Spur Mom into Action to See Improvement on Children’s Health Issues
We've written previously about the role many women play as "family CMO." But how can that influence be harnessed in the fight against the childhood obesity epidemic? How can healthcare providers motivate mothers to help their children live active, healthy lifestyles? Are there ways that providers can achieve better return on engagement for their efforts to check the increase in the childhood obesity rate?
Let's first take a look at the overall problem. Then, we'll focus in on key findings that can help you shape your healthcare organization's strategy.
About 1 in 3 children in America are overweight.
According to the US Centers for Disease Control and Prevention (CDC), the percentage of American children ages 6 to 11 years who were clinically obese —defined as having excess body fat for their given height — more than doubled in the past 30-odd years, from 7 percent in 1980 to almost 18 percent in 2012.
At the same time, the number of clinically obese adolescents quadrupled in America, from 5 percent to 21 percent. And, despite high-level attention, there has been remarkably little improvement, as illustrated by these heat maps of disease incidence from 2003 – 2013.
Why the concern?
Aside from the obvious health and quality of life implications, one word stands out: cost.
Childhood obesity is linked to the early development of a variety of life-threatening, expensive-to-manage, chronic conditions—diabetes, cardiovascular disease, cancer. Moreover, it is linked with conditions, like osteoporosis and sleep apnea, that simultaneously reduce quality of life and make it more difficult to increase exercise. To simplify: once a child becomes obese, he or she is more likely to stay that way through adulthood.
The prospect of paying to manage a chronic condition like type II diabetes from an obesity-induced early onset at age 30 or 40, versus an onset after 60, is clearly undesirable — for private health insurance providers and the Centers for Medicare and Medicaid Services alike.
What can moms do to prevent their children from becoming overweight?
- Declining physical activity rates among US children
- The marketing of nutrition-poor foods (like sugary breakfast cereals and snacks) to children
- A general increase in portion sizes for prepared foods and in restaurants
- An increased rate of sugary beverage consumption (including sodas, Gatorade and high-fructose corn syrup-laden juice cocktails)
- And a decline in access to affordable, healthy foods (particularly in economically-challenged "food deserts")

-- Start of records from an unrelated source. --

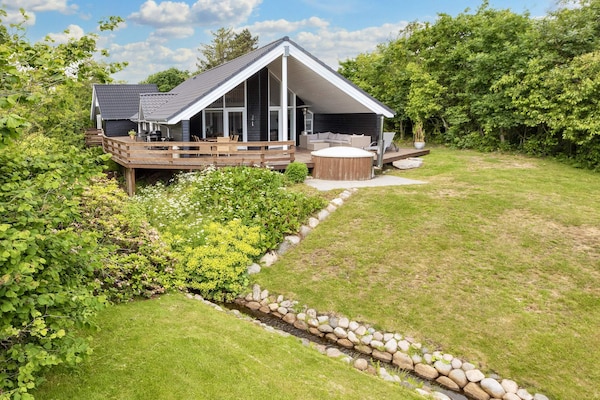 Luxe vrijstaand vakantiehuis met zeezicht, bubbelbaden en bijgebouw op 150m van strand - thumbnail 1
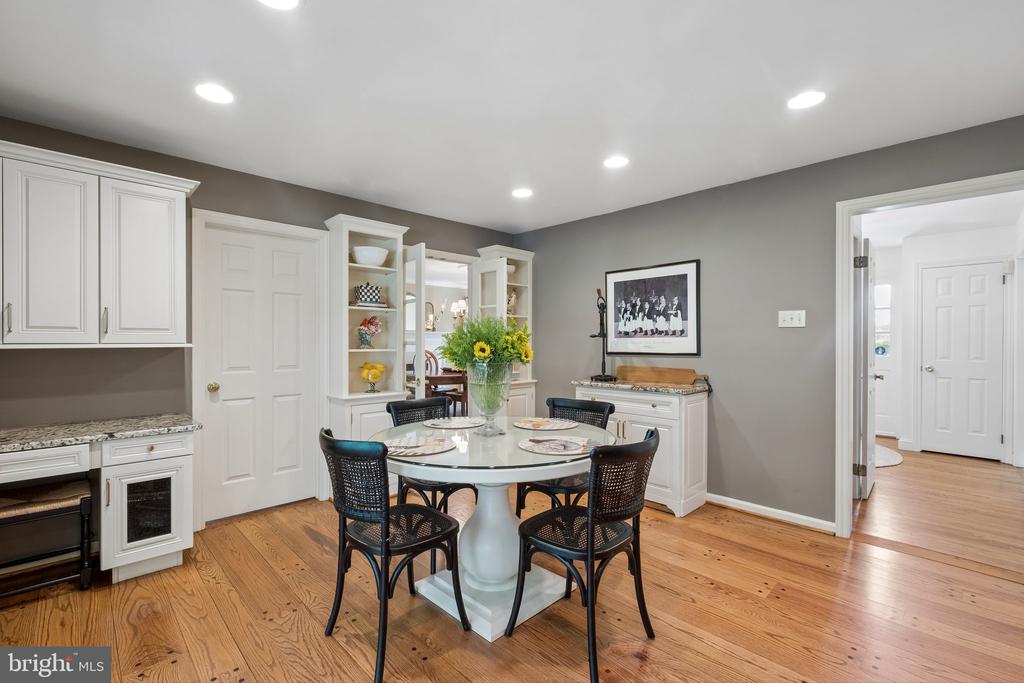 2 HEDGEROW DRIVE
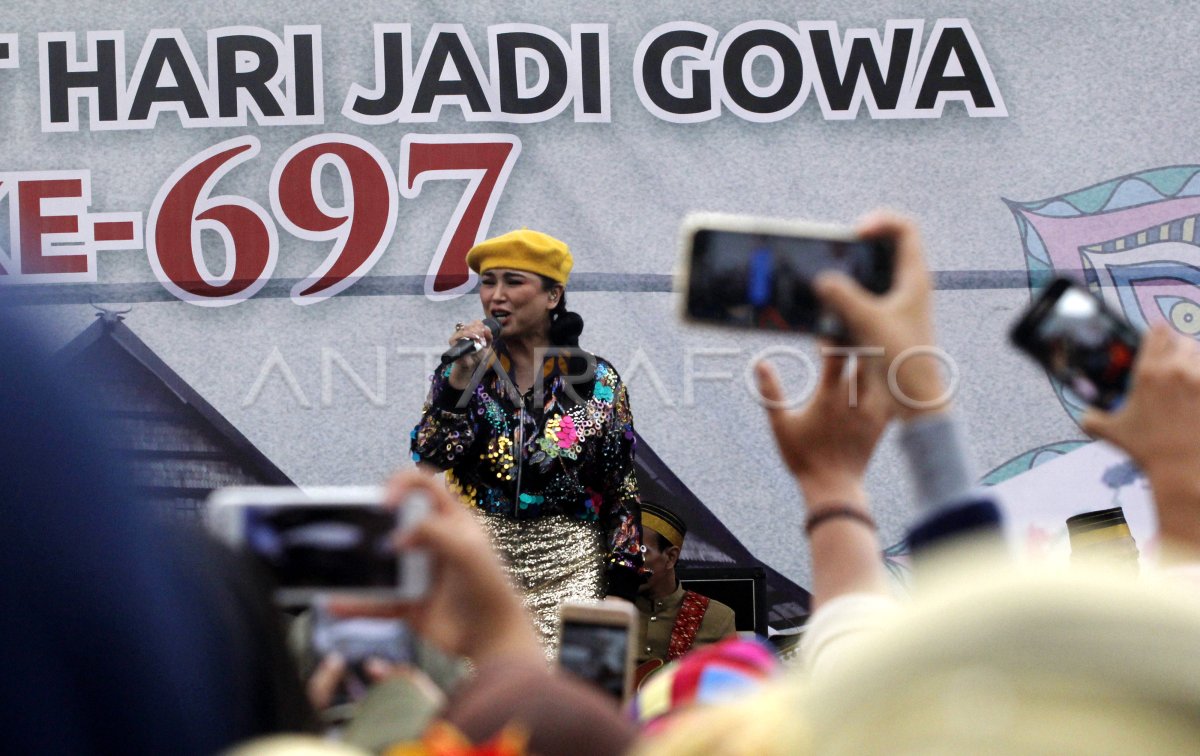 Titi DJ berbicara di hadapan kamera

Mothers have a crucial role to play in incentivizing (or even commanding) children to put down their video game controllers or tablet devices and go play outside for at least 60 minutes a day. Women are often the ones who organize family activities, so getting them to consider planning healthy recreations like hikes, family bike rides, or canoe trips is a critical need. And mothers still function as the primary grocery shoppers and meal preparers in many families, so they must be educated on (and afforded the means to obtain) healthy food.

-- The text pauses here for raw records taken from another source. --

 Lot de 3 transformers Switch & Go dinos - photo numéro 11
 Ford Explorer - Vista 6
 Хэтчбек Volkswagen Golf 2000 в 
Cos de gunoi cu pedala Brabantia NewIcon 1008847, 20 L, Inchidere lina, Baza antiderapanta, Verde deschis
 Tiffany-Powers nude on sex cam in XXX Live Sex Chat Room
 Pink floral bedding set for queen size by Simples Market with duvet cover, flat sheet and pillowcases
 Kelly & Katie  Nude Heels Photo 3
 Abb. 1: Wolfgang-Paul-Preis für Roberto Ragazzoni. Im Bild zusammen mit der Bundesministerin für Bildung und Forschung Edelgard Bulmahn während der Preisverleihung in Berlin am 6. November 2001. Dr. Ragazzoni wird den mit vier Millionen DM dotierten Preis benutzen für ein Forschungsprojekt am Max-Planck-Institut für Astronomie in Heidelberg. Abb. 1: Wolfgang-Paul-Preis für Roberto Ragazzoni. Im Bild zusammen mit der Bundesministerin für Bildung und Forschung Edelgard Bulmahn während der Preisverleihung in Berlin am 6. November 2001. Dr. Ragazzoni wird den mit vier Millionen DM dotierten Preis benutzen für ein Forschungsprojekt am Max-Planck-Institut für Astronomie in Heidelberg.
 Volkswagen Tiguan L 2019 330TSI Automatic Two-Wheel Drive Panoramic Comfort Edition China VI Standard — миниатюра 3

The healthcare industry must do more than raise awareness.
No mother wants her child to be unhealthy. But many mothers don't know how to begin changing their family's health habits, and many more aren't motivated to do so. Healthcare marketers and providers can harness the power of psychographics to help women affect real changes in their children's diets and physical activity levels. Psychographic segmentation can target patients and caregivers with the messaging that appeals to their motivations and lifestyles.
Not every word or tactic you use is going to have the intended effect over a diverse population. A 2015 study published in Academic Pediatrics illustrated this fact, when it found that common, effective terminology used to impress upon English-speaking mothers the problem of their child's obesity was less effective, or downright offensive, to Latino mothers.
The study found that the preferred term among English-speaking populations, "overweight," when translated to Spanish became offensive to many mothers. Instead of motivating them to take action to reduce their child's obesity, they were more likely to feel put off and not to take any action. However, the term "too much weight for his/her health," was found to be both motivating and non-offensive to the majority of Latino mothers, making it more effective language to use.
Healthcare providers that want to see better return on engagement for their childhood obesity outreach programs would do well to learn what factors and words motivate mothers — their best allies in the fight — across a variety of cultural, socioeconomic and demographic strata. And using those findings, they should carefully shape their mom-centered messaging.